> [What you need to do]: Restate each record exactly as it was written.

> [Data for the task]:
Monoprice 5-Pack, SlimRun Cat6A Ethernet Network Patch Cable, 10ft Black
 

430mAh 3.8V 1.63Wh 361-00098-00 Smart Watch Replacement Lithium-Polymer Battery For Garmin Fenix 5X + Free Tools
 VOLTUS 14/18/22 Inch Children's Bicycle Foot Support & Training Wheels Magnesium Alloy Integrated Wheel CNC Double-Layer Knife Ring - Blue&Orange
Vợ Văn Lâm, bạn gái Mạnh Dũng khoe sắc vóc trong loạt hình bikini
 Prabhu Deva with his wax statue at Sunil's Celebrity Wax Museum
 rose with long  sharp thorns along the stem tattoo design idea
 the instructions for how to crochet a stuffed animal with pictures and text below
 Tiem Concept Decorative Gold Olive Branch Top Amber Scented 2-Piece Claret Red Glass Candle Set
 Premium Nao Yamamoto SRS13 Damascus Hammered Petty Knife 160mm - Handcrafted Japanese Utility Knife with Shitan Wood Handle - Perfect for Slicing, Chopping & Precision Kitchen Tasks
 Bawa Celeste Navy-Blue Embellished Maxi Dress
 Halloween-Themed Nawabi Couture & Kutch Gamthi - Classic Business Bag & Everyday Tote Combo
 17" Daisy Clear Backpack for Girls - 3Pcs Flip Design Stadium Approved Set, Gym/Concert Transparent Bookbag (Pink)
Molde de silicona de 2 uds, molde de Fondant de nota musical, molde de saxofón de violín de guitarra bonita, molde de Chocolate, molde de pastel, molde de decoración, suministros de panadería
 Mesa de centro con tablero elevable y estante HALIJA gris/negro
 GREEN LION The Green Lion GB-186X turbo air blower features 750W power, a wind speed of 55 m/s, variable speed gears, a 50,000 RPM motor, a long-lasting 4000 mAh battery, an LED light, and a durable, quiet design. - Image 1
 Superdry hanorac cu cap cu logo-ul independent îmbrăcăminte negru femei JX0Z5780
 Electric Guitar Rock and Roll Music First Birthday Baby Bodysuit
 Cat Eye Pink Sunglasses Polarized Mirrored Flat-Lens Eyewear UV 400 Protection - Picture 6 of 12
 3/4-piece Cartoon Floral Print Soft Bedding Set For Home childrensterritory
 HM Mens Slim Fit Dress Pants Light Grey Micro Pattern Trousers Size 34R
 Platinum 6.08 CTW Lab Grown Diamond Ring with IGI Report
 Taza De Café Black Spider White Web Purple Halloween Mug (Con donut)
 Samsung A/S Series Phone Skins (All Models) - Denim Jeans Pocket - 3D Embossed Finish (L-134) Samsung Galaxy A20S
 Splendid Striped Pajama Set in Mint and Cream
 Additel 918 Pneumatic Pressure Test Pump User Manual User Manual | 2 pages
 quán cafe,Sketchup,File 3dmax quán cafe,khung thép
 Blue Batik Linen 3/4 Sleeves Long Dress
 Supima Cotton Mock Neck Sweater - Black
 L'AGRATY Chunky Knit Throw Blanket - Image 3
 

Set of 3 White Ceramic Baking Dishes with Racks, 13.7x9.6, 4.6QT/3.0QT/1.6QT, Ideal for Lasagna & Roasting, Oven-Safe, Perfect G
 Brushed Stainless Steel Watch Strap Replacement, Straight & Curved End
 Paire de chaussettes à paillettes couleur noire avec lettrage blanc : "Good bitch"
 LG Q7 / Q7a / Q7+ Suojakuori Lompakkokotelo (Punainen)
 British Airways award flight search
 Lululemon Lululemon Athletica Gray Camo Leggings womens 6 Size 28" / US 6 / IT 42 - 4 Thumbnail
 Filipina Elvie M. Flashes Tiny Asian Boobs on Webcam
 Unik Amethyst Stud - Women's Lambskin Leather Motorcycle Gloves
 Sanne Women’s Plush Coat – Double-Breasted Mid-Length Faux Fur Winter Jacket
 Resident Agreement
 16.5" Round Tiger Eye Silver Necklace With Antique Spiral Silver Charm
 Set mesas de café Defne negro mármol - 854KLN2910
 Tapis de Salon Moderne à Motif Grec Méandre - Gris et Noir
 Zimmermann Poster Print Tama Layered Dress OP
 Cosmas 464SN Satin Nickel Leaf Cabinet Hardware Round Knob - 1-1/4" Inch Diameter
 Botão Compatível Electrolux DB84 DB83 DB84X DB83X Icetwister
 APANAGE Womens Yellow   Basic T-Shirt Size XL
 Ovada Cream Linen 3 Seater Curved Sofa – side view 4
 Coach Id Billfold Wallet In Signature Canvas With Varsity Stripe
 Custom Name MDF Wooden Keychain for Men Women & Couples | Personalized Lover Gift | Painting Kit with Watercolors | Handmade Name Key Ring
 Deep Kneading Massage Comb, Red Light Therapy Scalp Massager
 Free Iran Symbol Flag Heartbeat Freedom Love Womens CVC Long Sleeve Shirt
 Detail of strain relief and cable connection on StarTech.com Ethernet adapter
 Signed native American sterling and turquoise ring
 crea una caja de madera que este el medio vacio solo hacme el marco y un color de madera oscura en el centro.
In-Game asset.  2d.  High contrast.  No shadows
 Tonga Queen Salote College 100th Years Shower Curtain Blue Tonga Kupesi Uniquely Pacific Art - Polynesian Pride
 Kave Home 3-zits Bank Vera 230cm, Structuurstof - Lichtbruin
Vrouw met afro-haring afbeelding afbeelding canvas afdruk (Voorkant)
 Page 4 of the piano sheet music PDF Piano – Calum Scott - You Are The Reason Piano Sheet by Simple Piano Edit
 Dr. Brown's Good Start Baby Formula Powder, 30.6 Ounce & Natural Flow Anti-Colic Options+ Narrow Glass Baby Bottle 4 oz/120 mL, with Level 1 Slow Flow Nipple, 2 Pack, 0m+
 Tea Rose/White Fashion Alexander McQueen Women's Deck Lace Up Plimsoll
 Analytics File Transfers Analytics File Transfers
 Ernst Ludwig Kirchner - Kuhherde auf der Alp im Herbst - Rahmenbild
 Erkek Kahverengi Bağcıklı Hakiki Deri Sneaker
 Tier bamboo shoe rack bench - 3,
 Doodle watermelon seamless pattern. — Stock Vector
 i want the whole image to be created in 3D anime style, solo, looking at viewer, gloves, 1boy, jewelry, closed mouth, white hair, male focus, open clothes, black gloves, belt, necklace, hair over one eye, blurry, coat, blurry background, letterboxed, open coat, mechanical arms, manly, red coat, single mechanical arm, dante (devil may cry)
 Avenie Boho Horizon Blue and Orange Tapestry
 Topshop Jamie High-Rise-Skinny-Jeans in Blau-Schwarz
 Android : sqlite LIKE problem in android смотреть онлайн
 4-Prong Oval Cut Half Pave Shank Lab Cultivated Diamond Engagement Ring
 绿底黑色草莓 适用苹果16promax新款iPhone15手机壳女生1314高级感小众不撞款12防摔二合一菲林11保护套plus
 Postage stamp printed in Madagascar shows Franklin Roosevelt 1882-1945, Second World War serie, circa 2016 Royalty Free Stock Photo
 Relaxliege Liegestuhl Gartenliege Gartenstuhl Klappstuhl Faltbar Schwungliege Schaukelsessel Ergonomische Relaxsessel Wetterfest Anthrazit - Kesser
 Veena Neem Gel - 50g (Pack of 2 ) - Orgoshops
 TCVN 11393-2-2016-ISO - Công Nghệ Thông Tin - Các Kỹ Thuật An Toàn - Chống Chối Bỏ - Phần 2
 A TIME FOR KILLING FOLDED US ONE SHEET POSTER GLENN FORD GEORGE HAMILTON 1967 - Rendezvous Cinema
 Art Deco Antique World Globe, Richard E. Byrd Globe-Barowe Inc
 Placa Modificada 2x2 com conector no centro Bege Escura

> [Your solution]:
Monoprice 5-Pack, SlimRun Cat6A Ethernet Network Patch Cable, 10ft Black
 

430mAh 3.8V 1.63Wh 361-00098-00 Smart Watch Replacement Lithium-Polymer Battery For Garmin Fenix 5X + Free Tools
 VOLTUS 14/18/22 Inch Children's Bicycle Foot Support & Training Wheels Magnesium Alloy Integrated Wheel CNC Double-Layer Knife Ring - Blue&Orange
Vợ Văn Lâm, bạn gái Mạnh Dũng khoe sắc vóc trong loạt hình bikini
 Prabhu Deva with his wax statue at Sunil's Celebrity Wax Museum
 rose with long  sharp thorns along the stem tattoo design idea
 the instructions for how to crochet a stuffed animal with pictures and text below
 Tiem Concept Decorative Gold Olive Branch Top Amber Scented 2-Piece Claret Red Glass Candle Set
 Premium Nao Yamamoto SRS13 Damascus Hammered Petty Knife 160mm - Handcrafted Japanese Utility Knife with Shitan Wood Handle - Perfect for Slicing, Chopping & Precision Kitchen Tasks
 Bawa Celeste Navy-Blue Embellished Maxi Dress
 Halloween-Themed Nawabi Couture & Kutch Gamthi - Classic Business Bag & Everyday Tote Combo
 17" Daisy Clear Backpack for Girls - 3Pcs Flip Design Stadium Approved Set, Gym/Concert Transparent Bookbag (Pink)
Molde de silicona de 2 uds, molde de Fondant de nota musical, molde de saxofón de violín de guitarra bonita, molde de Chocolate, molde de pastel, molde de decoración, suministros de panadería
 Mesa de centro con tablero elevable y estante HALIJA gris/negro
 GREEN LION The Green Lion GB-186X turbo air blower features 750W power, a wind speed of 55 m/s, variable speed gears, a 50,000 RPM motor, a long-lasting 4000 mAh battery, an LED light, and a durable, quiet design. - Image 1
 Superdry hanorac cu cap cu logo-ul independent îmbrăcăminte negru femei JX0Z5780
 Electric Guitar Rock and Roll Music First Birthday Baby Bodysuit
 Cat Eye Pink Sunglasses Polarized Mirrored Flat-Lens Eyewear UV 400 Protection - Picture 6 of 12
 3/4-piece Cartoon Floral Print Soft Bedding Set For Home childrensterritory
 HM Mens Slim Fit Dress Pants Light Grey Micro Pattern Trousers Size 34R
 Platinum 6.08 CTW Lab Grown Diamond Ring with IGI Report
 Taza De Café Black Spider White Web Purple Halloween Mug (Con donut)
 Samsung A/S Series Phone Skins (All Models) - Denim Jeans Pocket - 3D Embossed Finish (L-134) Samsung Galaxy A20S
 Splendid Striped Pajama Set in Mint and Cream
 Additel 918 Pneumatic Pressure Test Pump User Manual User Manual | 2 pages
 quán cafe,Sketchup,File 3dmax quán cafe,khung thép
 Blue Batik Linen 3/4 Sleeves Long Dress
 Supima Cotton Mock Neck Sweater - Black
 L'AGRATY Chunky Knit Throw Blanket - Image 3
 

Set of 3 White Ceramic Baking Dishes with Racks, 13.7x9.6, 4.6QT/3.0QT/1.6QT, Ideal for Lasagna & Roasting, Oven-Safe, Perfect G
 Brushed Stainless Steel Watch Strap Replacement, Straight & Curved End
 Paire de chaussettes à paillettes couleur noire avec lettrage blanc : "Good bitch"
 LG Q7 / Q7a / Q7+ Suojakuori Lompakkokotelo (Punainen)
 British Airways award flight search
 Lululemon Lululemon Athletica Gray Camo Leggings womens 6 Size 28" / US 6 / IT 42 - 4 Thumbnail
 Filipina Elvie M. Flashes Tiny Asian Boobs on Webcam
 Unik Amethyst Stud - Women's Lambskin Leather Motorcycle Gloves
 Sanne Women’s Plush Coat – Double-Breasted Mid-Length Faux Fur Winter Jacket
 Resident Agreement
 16.5" Round Tiger Eye Silver Necklace With Antique Spiral Silver Charm
 Set mesas de café Defne negro mármol - 854KLN2910
 Tapis de Salon Moderne à Motif Grec Méandre - Gris et Noir
 Zimmermann Poster Print Tama Layered Dress OP
 Cosmas 464SN Satin Nickel Leaf Cabinet Hardware Round Knob - 1-1/4" Inch Diameter
 Botão Compatível Electrolux DB84 DB83 DB84X DB83X Icetwister
 APANAGE Womens Yellow   Basic T-Shirt Size XL
 Ovada Cream Linen 3 Seater Curved Sofa – side view 4
 Coach Id Billfold Wallet In Signature Canvas With Varsity Stripe
 Custom Name MDF Wooden Keychain for Men Women & Couples | Personalized Lover Gift | Painting Kit with Watercolors | Handmade Name Key Ring
 Deep Kneading Massage Comb, Red Light Therapy Scalp Massager
 Free Iran Symbol Flag Heartbeat Freedom Love Womens CVC Long Sleeve Shirt
 Detail of strain relief and cable connection on StarTech.com Ethernet adapter
 Signed native American sterling and turquoise ring
 crea una caja de madera que este el medio vacio solo hacme el marco y un color de madera oscura en el centro.
In-Game asset.  2d.  High contrast.  No shadows
 Tonga Queen Salote College 100th Years Shower Curtain Blue Tonga Kupesi Uniquely Pacific Art - Polynesian Pride
 Kave Home 3-zits Bank Vera 230cm, Structuurstof - Lichtbruin
Vrouw met afro-haring afbeelding afbeelding canvas afdruk (Voorkant)
 Page 4 of the piano sheet music PDF Piano – Calum Scott - You Are The Reason Piano Sheet by Simple Piano Edit
 Dr. Brown's Good Start Baby Formula Powder, 30.6 Ounce & Natural Flow Anti-Colic Options+ Narrow Glass Baby Bottle 4 oz/120 mL, with Level 1 Slow Flow Nipple, 2 Pack, 0m+
 Tea Rose/White Fashion Alexander McQueen Women's Deck Lace Up Plimsoll
 Analytics File Transfers Analytics File Transfers
 Ernst Ludwig Kirchner - Kuhherde auf der Alp im Herbst - Rahmenbild
 Erkek Kahverengi Bağcıklı Hakiki Deri Sneaker
 Tier bamboo shoe rack bench - 3,
 Doodle watermelon seamless pattern. — Stock Vector
 i want the whole image to be created in 3D anime style, solo, looking at viewer, gloves, 1boy, jewelry, closed mouth, white hair, male focus, open clothes, black gloves, belt, necklace, hair over one eye, blurry, coat, blurry background, letterboxed, open coat, mechanical arms, manly, red coat, single mechanical arm, dante (devil may cry)
 Avenie Boho Horizon Blue and Orange Tapestry
 Topshop Jamie High-Rise-Skinny-Jeans in Blau-Schwarz
 Android : sqlite LIKE problem in android смотреть онлайн
 4-Prong Oval Cut Half Pave Shank Lab Cultivated Diamond Engagement Ring
 绿底黑色草莓 适用苹果16promax新款iPhone15手机壳女生1314高级感小众不撞款12防摔二合一菲林11保护套plus
 Postage stamp printed in Madagascar shows Franklin Roosevelt 1882-1945, Second World War serie, circa 2016 Royalty Free Stock Photo
 Relaxliege Liegestuhl Gartenliege Gartenstuhl Klappstuhl Faltbar Schwungliege Schaukelsessel Ergonomische Relaxsessel Wetterfest Anthrazit - Kesser
 Veena Neem Gel - 50g (Pack of 2 ) - Orgoshops
 TCVN 11393-2-2016-ISO - Công Nghệ Thông Tin - Các Kỹ Thuật An Toàn - Chống Chối Bỏ - Phần 2
 A TIME FOR KILLING FOLDED US ONE SHEET POSTER GLENN FORD GEORGE HAMILTON 1967 - Rendezvous Cinema
 Art Deco Antique World Globe, Richard E. Byrd Globe-Barowe Inc
 Placa Modificada 2x2 com conector no centro Bege Escura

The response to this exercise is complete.